50 minutes in: Birds in flight juxtaposed with Heavy Industrial but still bird-like airplane. 
Some 55 minutes in: Ducts and an industrial statue: possible BRAZIL allusion.
Vision of Basset Hound — Batou's animal companion — and the word "AEMAETH" broken to "AE" and "MAETH": allusion to Der Golem, Wie er in die Welt kam (THE GOLEM, 1920).[8] Emet is the Hebrew word for Truth (and related words), met the word for Death. The truth of the golem is that "he" is not a living being. Here, it's a warning that what the two agents are experiencing is not the truth but a hack involving (faked) death.
1 hour in f.: Discussion of dolls, animals, souls, and gods; note images of doll-ified hacker and a tea-serving doll/robot, and see Allison de Fren article, linked below. Dialog gets to question of "Man as Machine" and human fear of mechanical existence.
1:04:50: Machine-like house, ca. 1900. 
1:07 f.: External memory storied in computers helped yield fear of "mechanized man." Vision here of Agent Tagusa — a minimally cyborgized man — as a life-size moving doll with power/data/control cables attached, apparently walking but not moving, like a marionette. The phrase "god envy" can be hear in through here.

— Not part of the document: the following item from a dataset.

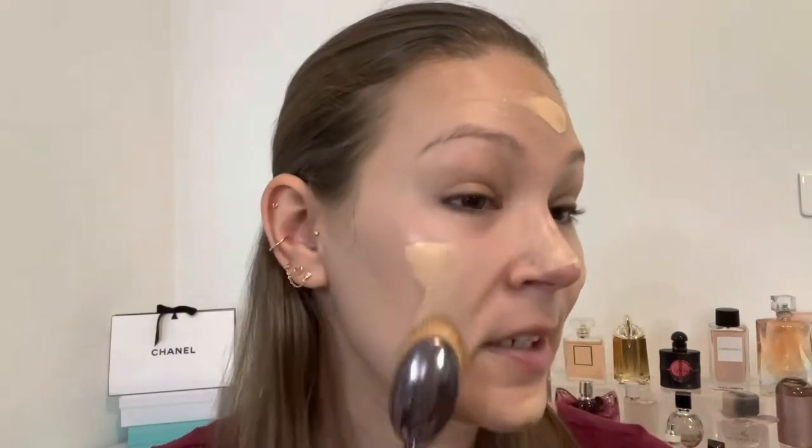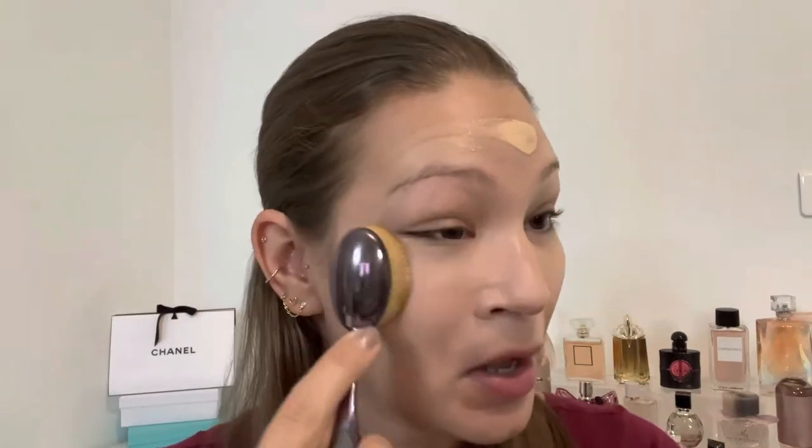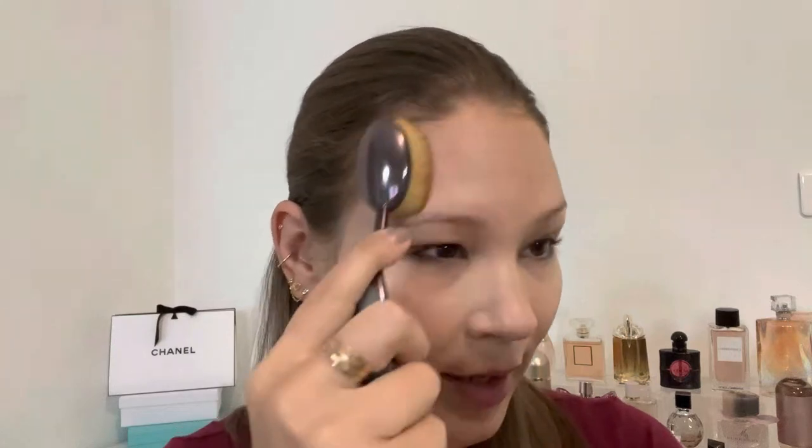Shade selection was a little tough since they use numbers now instead of names. In the Hourglass Vanish stick foundation I wear shade linen, so I went with shade five here. I've been applying it with a brush and then tapping it out with a sponge. This foundation is supposed to give a natural finish with medium coverage — my favorite — comes in one fluid ounce, and has 32 shades, which is an improvement from Hourglass.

1:13: Line "She's somewhere out in the boundless Net" while agents on the whale-like sub, approaching while submerged a large ship for the climax of film at production center for gynoids.
1:19 f.: Inside a huge ship, intercut with images inside a computer, with Batou simultaneously a human cyborg running inside the ship and kind of computer virus, who must get through barriers and undergo attack by (presumably cybernetic) antibodies —  with the images and voice-over reinforcing the point. 
1:22 f. Attack on Batou by dolls/proto-gynoids, including in the manner of Pris in BLADE RUNNER.  Major's Ghost — or part of it — enters a gynoid doll and saves Batou.
1:27: Setting up of cybernetic barriers imaged for us and in world of film as slamming shut of a series of doors in the ship's bulkheads. 
1:28: The "peek behind the curtains," as Major puts it, reveals "Ghost dubbing," with living children in Matrix-like high-tech coffins the source for Ghosts for the gynoids. Major thinks dolls given souls wouldn't want them.
 1:32: 45: Major Motoko Kusanagi disappears back in the Net/matrix; in through here Batou proclaims her at peace "like an elephant in the forest": integrated in nature, we may assume, and relatively self-sufficient. 


GHOST 2 is discussed by Allison de Fren in her essay "Technofetishism and the Uncanny Desires of A.S.F.R."; q.v. especially for the discussion of dolls. For a brief summary of GHOST 2's participation in the debate over human nature, see the Wikipedia entry for the film, primarily "Allusions and references" and "Director's ideas."[9]